+++ Records shown +++

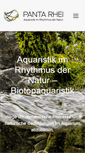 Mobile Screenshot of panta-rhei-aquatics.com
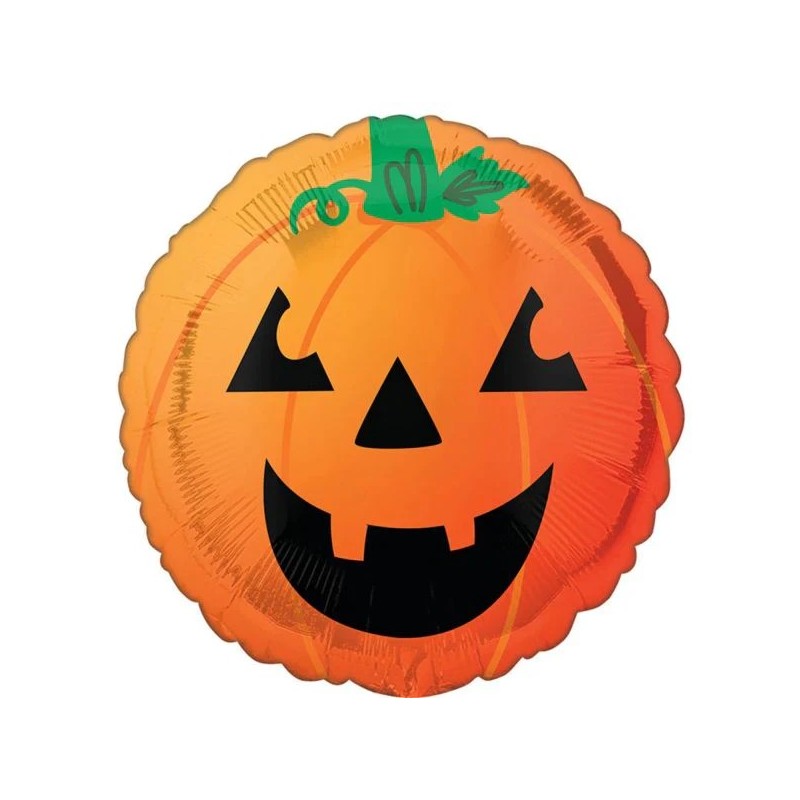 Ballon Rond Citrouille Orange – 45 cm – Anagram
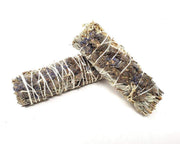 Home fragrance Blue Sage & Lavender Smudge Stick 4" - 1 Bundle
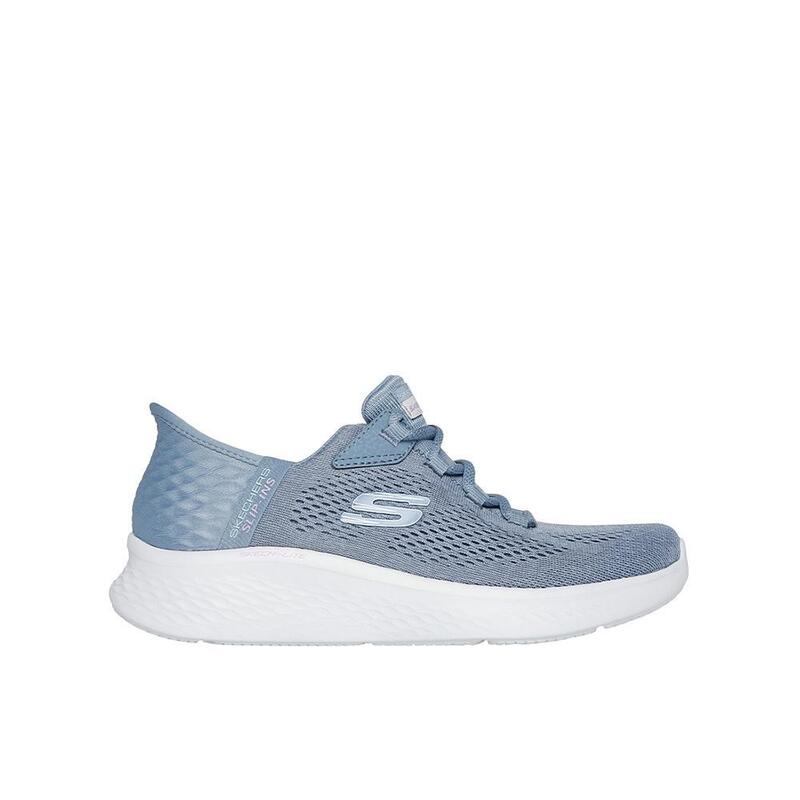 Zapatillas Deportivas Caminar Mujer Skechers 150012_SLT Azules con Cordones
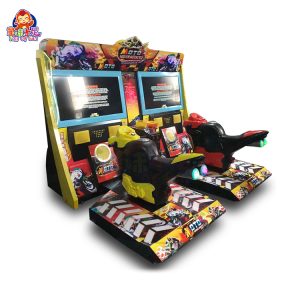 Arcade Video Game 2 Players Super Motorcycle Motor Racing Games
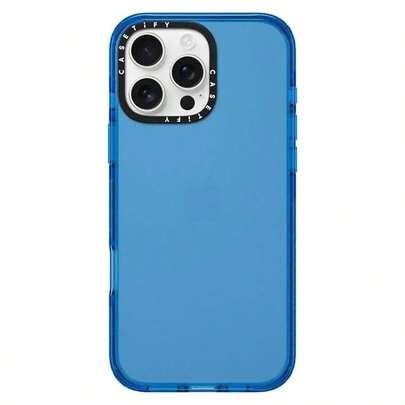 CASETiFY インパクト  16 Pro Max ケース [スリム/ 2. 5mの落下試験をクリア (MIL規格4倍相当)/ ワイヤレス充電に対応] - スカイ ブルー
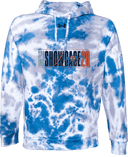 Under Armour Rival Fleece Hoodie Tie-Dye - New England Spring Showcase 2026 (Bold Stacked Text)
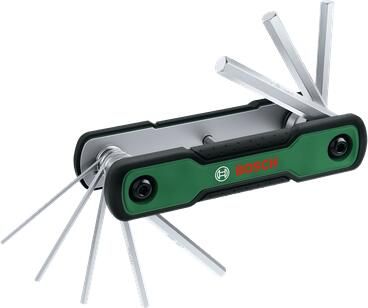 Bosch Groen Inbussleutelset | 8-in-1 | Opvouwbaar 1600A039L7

+++

**Task statement:** Where the line containing "Zapatillas Deportivas Caminar" appears in the entries above, start there and set down every line exactly through the last one, inclusive; omit pictures.

**Exercise result:**
 Zapatillas Deportivas Caminar Mujer Skechers 150012_SLT Azules con Cordones
 Arcade Video Game 2 Players Super Motorcycle Motor Racing Games
 CASETiFY インパクト  16 Pro Max ケース [スリム/ 2. 5mの落下試験をクリア (MIL規格4倍相当)/ ワイヤレス充電に対応] - スカイ ブルー
 Under Armour Rival Fleece Hoodie Tie-Dye - New England Spring Showcase 2026 (Bold Stacked Text)
 Bosch Groen Inbussleutelset | 8-in-1 | Opvouwbaar 1600A039L7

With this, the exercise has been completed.